I have two large real-symmetric matrices $A,B\in \mathbb{R}^{N\times N}$, which obey $A \cdot B = 0 = B \cdot A$, meaning that they both commute (and thus share eigenvectors) and anticommute.
I am looking for a simple criterion for checking whether the null spaces of $A$ and $B$ have a non-trivial overlap. Specifically, I would like to prove that the null spaces of my choice of $A$ and $B$ are orthogonal.
For brevity, I speak of "zero eigenvectors" (meaning: elements of the null space) and of "non-zero eigenvectors" (meaning: eigenvectors orthogonal to the null space).

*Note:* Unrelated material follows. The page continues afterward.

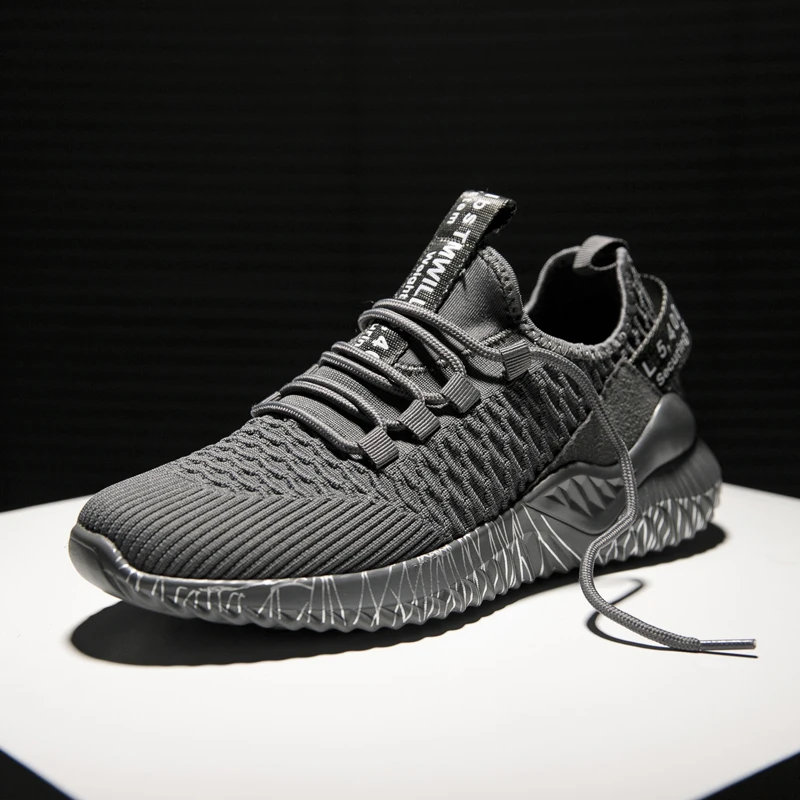 

Кроссовки унисекс с летящей сеткой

To that end, I recognize that $A\cdot B = 0$ implies that non-zero eigenvectors of $B$ are among the zero eigenvectors of $A$, and likewise $B \cdot A = 0$ means that non-zero eigenvectors of $A$ are among the zero eigenvectors of $B$. However, this still leaves the option that $A$ and $B$ share a non-trivial zero eigenvectors. (By combining the above, one can also show that the sum of the dimensions of the null spaces of $A$ and of $B$ must be equal or larger than the dimension $N$ of the matrices. Orthogonality of the null spaces should be equivalent to this bound is saturated -- which is a kind of a test, but I am looking for something that avoids the explicit computation of the eigensystem.)
Thus, I am wondering: Is there a simple algebraic test for proving that the null spaces of such matrices are orthogonal?